Si el cine nos recuerda a menudo que, además del omnipresente Hollywood, existen un Bollywood en la India y un Nollywood en Nigeria que han llegado a consolidarse como formidables industrias, en el ámbito de la arquitectura debe igualmente subrayarse que ésta no se agota con los edificios icónicos, con las obras de autor o ni siquiera con las construcciones firmadas por profesionales. Existe un vasto océano de arquitectura sin arquitectos que se extiende desde los entornos vernáculos y tradicionales hasta los tapices informales o espontáneos, y en todos ellos existe una poderosa lógica material, funcional y climática que puede servir de estímulo y ejemplo para muchas obras emblemáticas y para no pocos autores de referencia.
En 2012 se completaron los cuatro volúmenes de Atlas. Arquitecturas del siglo XXI, que desarrollan la obra original de 2007.
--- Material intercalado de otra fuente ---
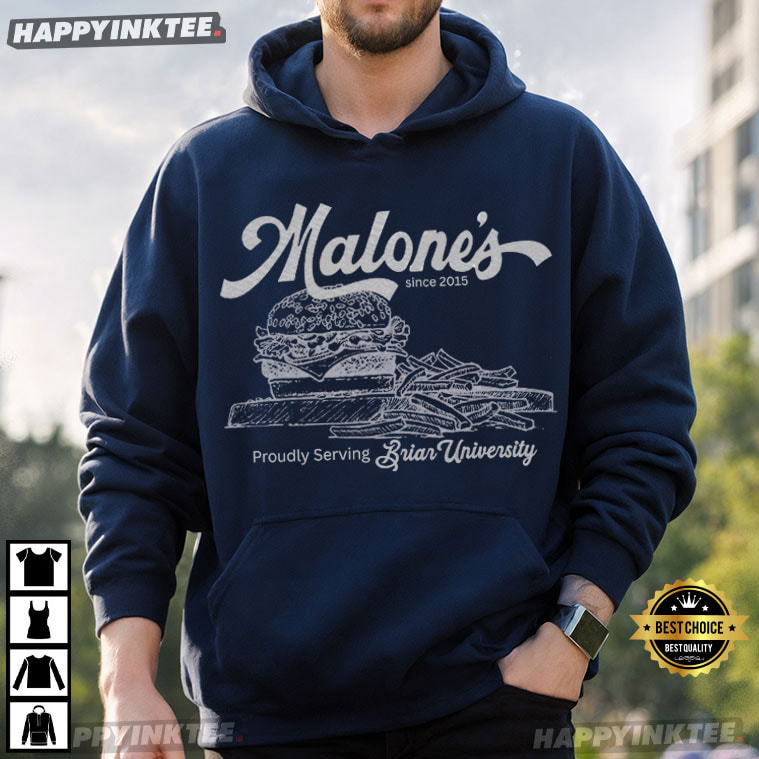 Malone's Proudly Serving Brian University Off Campus Burger T-Shirt Malone's Proudly Serving Brian University Off Campus Burger T-Shirt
Las arquitecturas del planeta que recogen los volúmenes del Atlas editado por la Fundación BBVA aspiran a dar testimonio de nuestro tiempo, pero también a dar cuenta de los debates y conflictos de la propia disciplina, que se enfrenta a un mundo en mutación con herramientas y actitudes envejecidas, sometidas a la obsolescencia acelerada que provoca la rapidez vertiginosa de los cambios. El último capítulo del último volumen se dedica a las arquitecturas ibéricas, que han pasado en pocos años del éxtasis del reconocimiento internacional a la agonía de una crisis sin fondo que ha devastado el tejido profesional y centrifugado el talento fuera del perímetro de nuestra península pentagonal: es una variante dolorosa de la globalización, pero también un acicate para pensar de otra manera.
España exporta arquitectos más bien que arquitecturas, y las que hace veinte años fueron descritas aquí como las obras de la social-opulencia han mostrado ser plantas de invernadero, exquisitas en su ambiente protegido y poco capaces de sobrevivir a la intemperie cuando el tiempo se torna inhóspito. El prestigio y la popularidad mediática obtenidos durante los años de bonanza no han sido suficientes para impulsar un proceso de internacionalización que exige también fortaleza empresarial e instituciones sólidas. Como en tantas otras esferas de la vida española, los arquitectos debemos aprender a dar más por menos para robustecer nuestra capacidad de servicio, y poner un énfasis acrecentado en lo común, porque sólo dando prioridad a lo que compartimos podemos reforzar nuestros vínculos comunitarios. El país ha transitado del resplandor al rescate, y sus arquitecturas inmóviles han dado testimonio de esa mudanza poniéndose en movimiento: desplazándose hacia fuera con la fuga de las gentes y derrumbándose hacia dentro con el colapso de las oficinas. Pero el mundo ancho y ajeno que documentan las palabras y las imágenes del Atlas espera en el umbral.